Samsung is offering a great deal for those that preorder the Galaxy S7 edge: a free Gear VR headset. It costs $100 otherwise, and this is in addition to whatever incentives the carriers are offering. Samsung is also including six free games with the Gear VR, which isn’t cheap considering they typically run up to and exceeding $10 each.
The AT&T Samsung Galaxy S7 edge costs $795, which works out to $26.50 for 30 months.
Sprint’s pricing is a bit more complicated. It’s charging $31.25 per month for 24 months, which works out to $750. However, Sprint is also offering a Galaxy Forever deal, which costs $30.50 per month for 24 months with the option to upgrade after 12 months to what will likely be the Galaxy S8 edge. Also, Sprint is offering a buy-one-get-one-one-half-off deal, and extending its Cut Your Bill in Half promotion to March 31. In addition Sprint will pay up to $650 in termination fees for those breaking contracts with AT&T, T-Mobile, and Verizon.
T-Mobile is charging $780, and including a free year of Netflix for those that preorder. T-Mobile will also pick up any fees for those looking to switch from another carrier. For customers going the installment route, it’s $32.50 per month for 24 months.
Verizon still has not announced pricing, but it’s offering two bundles for the S7 edge: a case (up to $39.99), screen protector (up to $34.99), and 32GB microSD card, all for $79.99; or a wireless charging stand, fast-charging car charger, and fast charging portable battery back for $100. Like sprint, Verizon will cover up to $650 in fees for those switching carriers to Verizon, and is offering an additional 2GB of data to customers on plans up to and exceeding Verizon Plan XL.

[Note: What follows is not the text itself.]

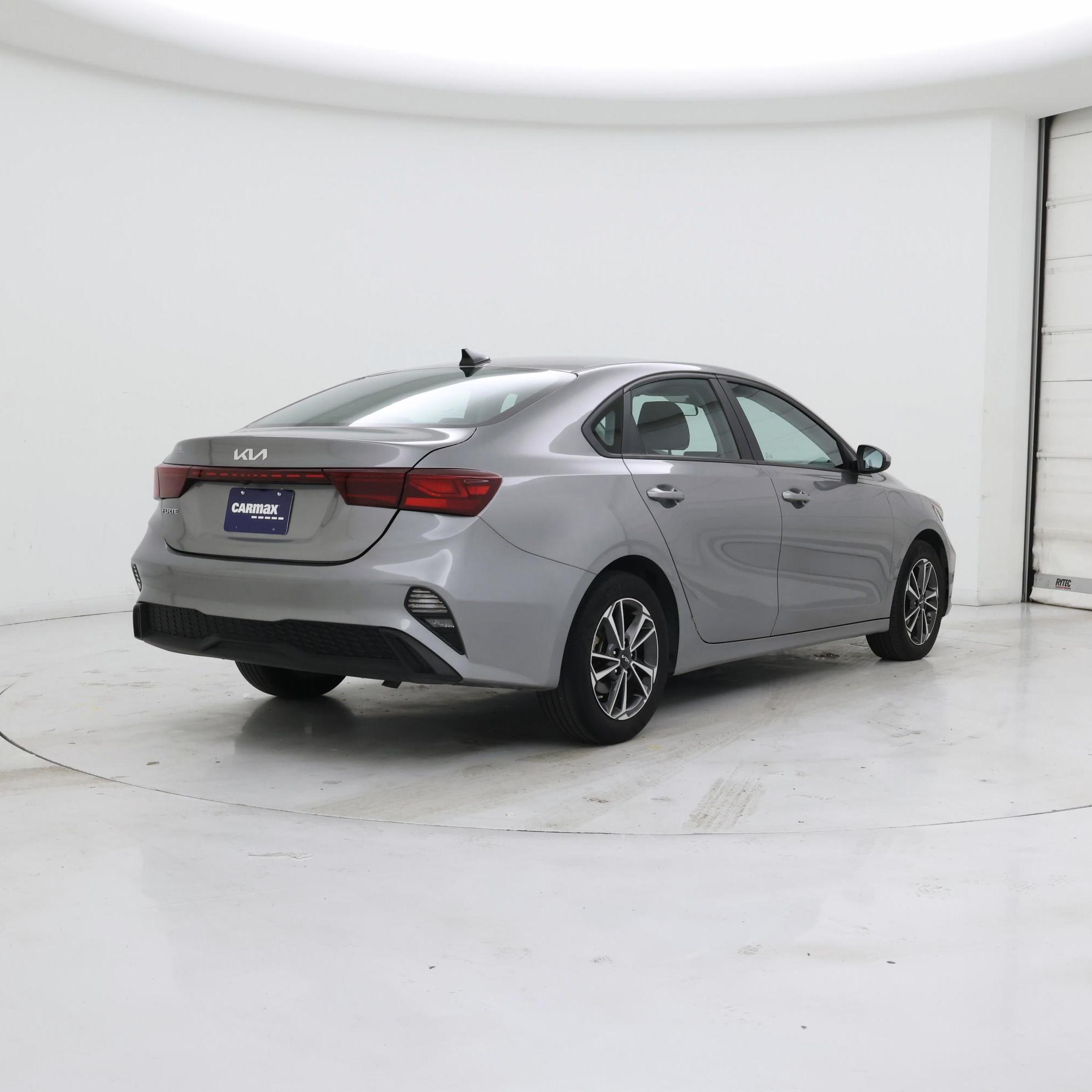 Thumbnail: 2023 Kia Forte - 8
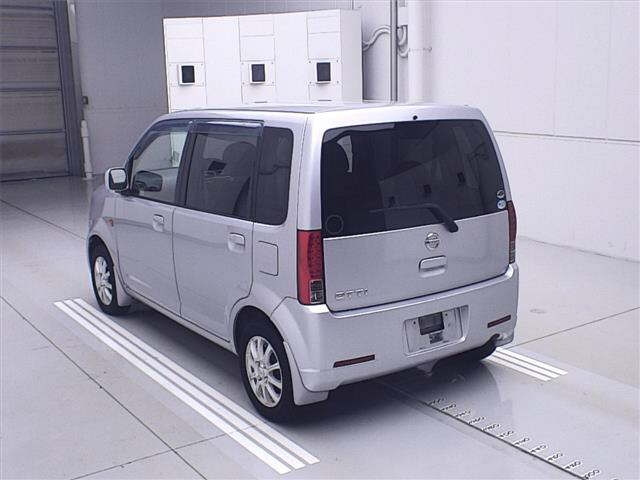 NISSAN OTTI 2011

US Cellular is also charging $780 for the S7 edge, which works out to $32.50 per month for 24 months. US Cellular is also offering a contract plan, with the S7 edge costing $299 with a two-year agreement.
Best Buy is also offering contract plans for Sprint and Verizon, also for $299 for two years, and offering preorders a 64GB microSD card.
Comparing the two, the S7 edge is approximately $100 more expensive than the S7 overall.
Overall we are pleased with the move towards a more handy Edge display, and the return of both microSD and waterproofing. The Samsung Galaxy S7 edge has the potential to be one of the most useful and most attractive smartphones on the market. That’s a killer combo. And S6 edge and S6 edge+ owners shouldn’t feel too jealous. Samsung all but confirmed the extended Edge display will arrive on the older smartphones as part of an update. We will have a review soon on NotebookReview.